In an interview, the former presidential candidate of the United Progressive Party (UPP), called on President Bola Ahmed Tinubu to probe the past government of Muhammadu Buhari and recover the nation’s looted funds.
What’s your view on FG’s condemnation of the EU Observer Mission’s report on the past election?
I have followed the reaction of the Presidency and the INEC to the EU Report. I have taken my time to study that report over and over. That report didn’t say anything that many Nigerians are not aware of. My take away from that report is that it makes many salient recommendations. There are 23 recommendations, and it also highlighted six of those recommendations as what would help to deepen our democracy going forward.
So, what I expected, especially INEC to do would be to tell them that we have noted your observations and we would look into those ones that we find that we didn’t do well; we will do our best to address them in future. The EU was not only the Observer organisation, even though they seem to be the most influential of them all. Others wrote their reports, while others are still putting together their final part of their reports. Most of the things said there were things we witnessed here.
INEC made promises and in a situation like this, their promise should be their bond. Nigerians were very enthusiastic believing that the electoral body would live up to its promises; the Buhari government provided INEC with all that they needed in terms of funding and other logistics, they never complained of lack of money. The critical aspect of the promises that they failed and that made many Nigerians to have very serious doubt as to the credibility of the managers of the elections is the promise to transmit result in real time and having the same result uploaded again in real time on the Irev, which should enable Nigerians, including those who were not in Nigeria, to have access to the results as they were coming in. These things failed, and it created the impression that some other things happened behind the scene.
I would have liked to see both the Presidency and the INEC taking the EU report in good faith and considered what to do with the recommendations made. I didn’t see anywhere in the report, where they recommended that the election didn’t meet up the requirements to stand as an election and therefore shouldnot be considered as a legitimate election to bring a new government both at the centre and at the state level. There was no such recommendation.

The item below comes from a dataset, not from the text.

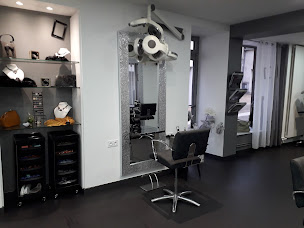 Photo n°11 de Les P'tits Ciseaux à Le Controis-en-Sologne (Magasin de produits de beauté)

As for those who lost, especially the main opposition parties that seemed to be celebrating as if the EU report is a judgement in itself that can nullify the election, I think they are celebrating for nothing. What the Observer Mission did was to make recommendations; they didn’t mince words, and they didn’t use harsh words either. I have seen, especially the PDP tender the report to the Presidential Election Petition Tribunal (PEPT), which may be the reason the Presidency reacted the way they reacted believing that the opposition may latch unto it and have advantage at the tribunal. But I doubt that very much, whether what they tendered would account for anything because that tribunal is there to look at the election, the results, votes, who won and who didn’t win and whether the election substantially met the requirements to stand as an election. I believe that this election has been won and lost, but comments are bound to come up, which are supposed to guide our future actions.
The February 25 presidential election was close to a perfect election in the sense that there were so many upsets that today we have eight parties in the National Assembly represented. Many people, who would have been simply recycled without firing a shot on the account of the money they accumulated, lost to the people who were politically inconsequential before the election. Those elections have been allowed to stand, but to now have the NASS election reported as meeting the requirements of most expectations of Nigerians, while the presidential election being delayed in terms of the results coming in on those particular platforms created serious doubt.
The fear of the outcome of the first election turned the second election in March into a very violent outing.That is another aspect that has to be looked at, whether it would not be better for all our elections using technology to hold in one day.
President Tinubu is being applauded in some quarters for the reforms he is carrying out. How do you react to that?
I join those who have applauded him over the reforms he is introducing because this is where his experience as a former governor and not just a former governor, but somebody who has presided over a state like Lagos that is bigger than some countries in Africa. He saw how blocking of leakages of revenue could turn around a state. He must have been watching all of these things while he was angling to become the president, seeing for himself a lot of leakages that could make Nigeria self sufficient in funding its infrastructure without having to borrow as we have borrowed and put ourselves into this difficult situation we are now.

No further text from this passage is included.